Ok, I am only planning on running two GPUs maximum, one SSD, HDD, and DVD/BR drive, and I will not be upgrading. So once I build my computer that is it for the next 5 or so years. 

Also, I have seen the testing that you mentioned, could that 1% grow over time? I know that we cant predict the future, but looking back at previous tech can we somewhat take an educated guess. Also, in that article, there is a post that show a chart where multi-gpu has a scaling issue (http://i.imgur.com/7ZV3K.png), the poster stated that it came from xtremesystems scaling tests.

I know with my system now, which was a AMD Phenom II X4 955 BE, and 2 HD 4890's in CF, I was able to play new games on High settings fine, up until Bioshock Infinite.
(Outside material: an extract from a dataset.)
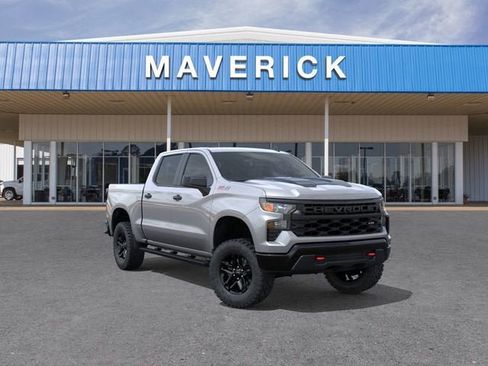 New 2026 Chevrolet Silverado 1500 Custom Trail Boss AWD/4WD image 1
Once Bioshock, I had to drop the settings to Medium and enable V Sync (I was pushing 80fps on high), due the fact that even with my GPU fans going 80%-100% both my cards were hitting 90c+. Further, on games that are CPU bound, I was hitting 100% and the games would lag, and it wasn't my network, since I have a laptop running and i7-720QM and it was doing pretty good.

I just want to make sure that what ever I build (CPU, MB, and GPU) will sustain me.


----------



## Jack1n (Jul 11, 2013)

The main reason that i recommended an x79 build is because you have the option to go 6 core which in my opinion will increase the systems longevity by quite a bit.


----------



## buildzoid (Jul 12, 2013)

An x79 hexa core @~4.8ghz setup should last until the arrival of skylake-e or it's equivalent if Intel continues at it's current rate of development. Though z87 would probably be just enough with better single core performance than x79.


----------



## jsfitz54 (Jul 12, 2013)

See this new review:  http://www.tweaktown.com/reviews/5591/asus-maximus-vi-hero-intel-z87-motherboard-review/index.html


----------



## JThorpe (Jul 12, 2013)

jsfitz54 said:


> See this new review:  http://www.tweaktown.com/reviews/5591/asus-maximus-vi-hero-intel-z87-motherboard-review/index.html



Thank you for the link, and I read the review, but I am not sure how to apply this. I could be very dense, and missing something. I do like the Asus boards, but I like the Sabertooth line for the 5 year warranty.


----------



## JThorpe (Jul 15, 2013)

Ok, so there might be one more item that I would like to add on top of the GTX 780's in SLI. If I wanted to add a Sound Card as well, would I still have the condurm (X79 Ivy Bridge-E v. Z87 Haswell)? 

I watched a video from ASUS where they were showing what 2 GTX 780s in SLI with the Maximus VI Hero (Z87) could do with a 4K monitor, and on the games that they were showing, it was not dropping below 50+ FPS. Would that be a good sign to go with the Z87 (Haswell) set up?

Also, I dont think I mentioned what monitor I will be getting, but I will be planning on getting either a 1440p (27inch) or a 1080p, 120hz(27inch) monitor. I am still doing some research, but I know I will upgrade my monitor soon (I know that my set up might be overkill, but I am trying to build a 5 year system).

Thank you again to everyone who has posted replies, they are greatly appreciated.


----------